To illustrate how much corporations have ruined the web, take this essay posting on my obsolete website from 2005. I’ll have to copy and paste it as a facebook post and twitter thread, because those companies hate it when users follow links off their website. I’ll get buried by the algorithm in favor of some minion meme. So technology, in and of itself, is not the future. Neither are the corporations, or the business of billionaire-making.

Anyway, if that’s not the future, what is? I think we got a few glimpses of it in this last decade. The internet was at its best when it put you in contact with people outside your social circle. I’ve got whole extended found family in Seattle thanks to cheap and easy instant messaging. Anything that stretches the boundaries of your social skills is going to be crucial. It’ll take breaking some rules. Look at that facebook friends list for example. What if you sent any of those friends a message? Or hit that video call button by mistake? Think of how that would change your day. We’ve been duped into thinking that maintaining all these acquaintances is friendship, but there is no real maintaining going on. Only 10% of those contacts post regularly anyway.

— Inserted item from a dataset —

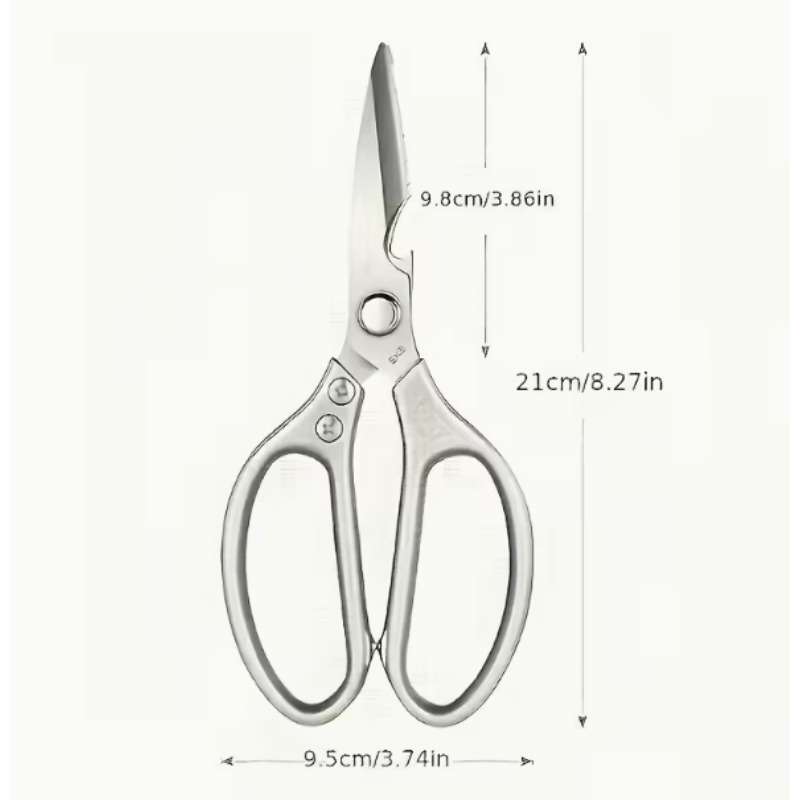Scissors Color White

The way we relate to ourselves and each other is going to change a lot in this decade. New conflicts are going to erupt. Others are going to be resolved. This is not some half-hearted call for a return to civility. The concept of respect itself is going to be redefined. We cannot simply defer to some abstract idea of objectivity. In the past this was the person in the room who talked the whitest and malest. Marginalized voices will be crucial to this change. Facts may not care about your feelings, but feelings are also facts. There will perspective taking, but also boundaries drawn. I know I’m speaking in vague soothsaying generalities, but we are dealing in the ugly, exciting, and unpredictable world of human contact. Where we are going, we don’t need roads.

And what does that mean for me? 40-year-old James Strocel with his job, family, and mortgage to pay down? At the beginning of the decade, I was having lunch with more people. I’d like to do that again. I want to stop being so precious about my writing. Get out there, say stupid stuff, and pay the price in my twitter mentions. I understand the economics of those platforms, and what they are doing to society, but right now, it’s where the people are. If I’m lucky, I’ll be able to talk to more people regularly via text message or signal, my paranoid secure instant messenger of choice. Lots of times I send out texts and get no response other than existential dread in return. I think it means I need to send more memes. It’s going to be a lot of cancelled plans and awkward silences, but I think this is the direction I want to grow. It’s a direction that fills me with that nervous excitement that I felt before, so long ago. It is the future.